*** Opening DATA TO EXAMINE ***

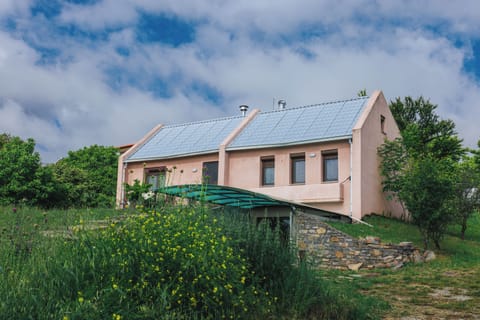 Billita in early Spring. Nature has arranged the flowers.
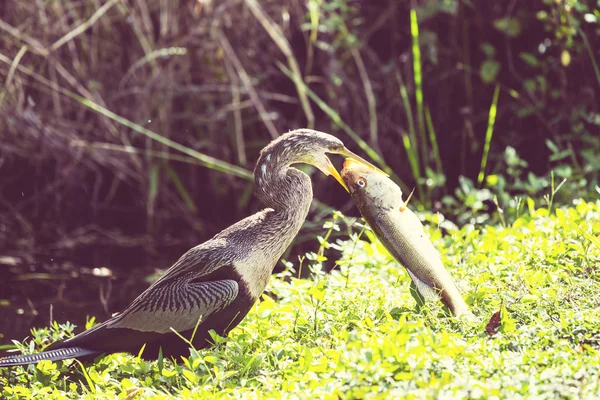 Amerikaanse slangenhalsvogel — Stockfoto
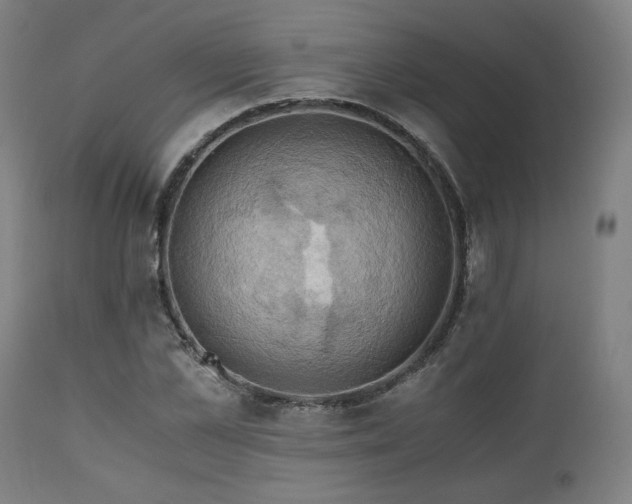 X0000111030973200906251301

*** Closing DATA TO EXAMINE ***
*** Opening DATA TO EXAMINE ***

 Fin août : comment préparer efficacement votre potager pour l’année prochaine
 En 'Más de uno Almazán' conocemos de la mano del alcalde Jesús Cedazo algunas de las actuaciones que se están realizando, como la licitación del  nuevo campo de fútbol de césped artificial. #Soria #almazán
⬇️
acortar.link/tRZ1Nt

*** Closing DATA TO EXAMINE ***
*** Opening DATA TO EXAMINE ***

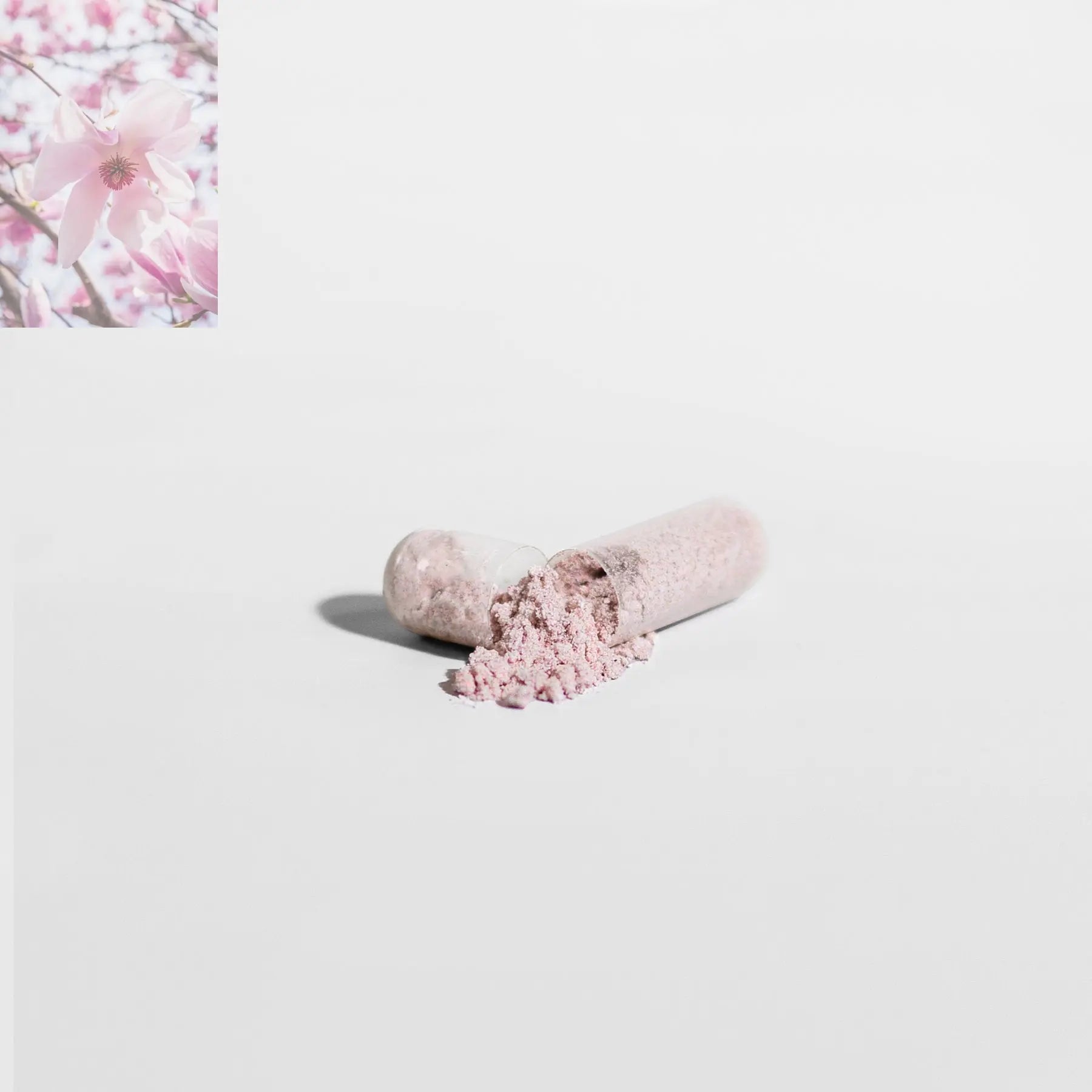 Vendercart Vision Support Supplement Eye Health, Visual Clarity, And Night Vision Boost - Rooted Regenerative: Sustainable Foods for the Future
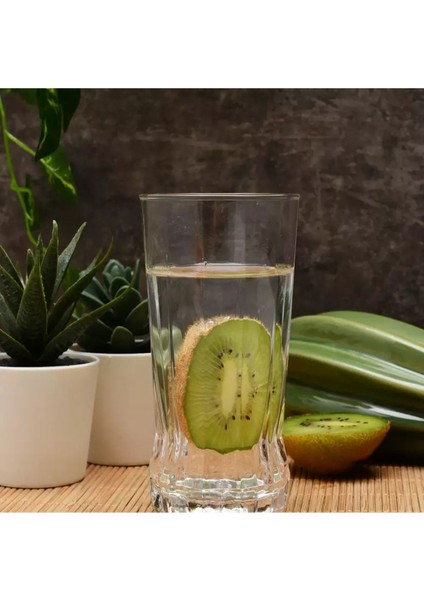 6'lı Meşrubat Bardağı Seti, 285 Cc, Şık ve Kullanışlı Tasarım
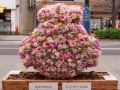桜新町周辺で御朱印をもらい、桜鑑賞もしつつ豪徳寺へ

*** Closing DATA TO EXAMINE ***

**THE PROBLEM:** Beginning at the line above that contains "Vendercart Vision Support" and going on through the line that contains "桜新町周辺で御朱印をもらい、桜鑑賞もしつつ豪徳寺へ", please copy every line exactly, leaving the pictures out and adding nothing.

**OUTPUT BELOW:**
 Vendercart Vision Support Supplement Eye Health, Visual Clarity, And Night Vision Boost - Rooted Regenerative: Sustainable Foods for the Future
 6'lı Meşrubat Bardağı Seti, 285 Cc, Şık ve Kullanışlı Tasarım
桜新町周辺で御朱印をもらい、桜鑑賞もしつつ豪徳寺へ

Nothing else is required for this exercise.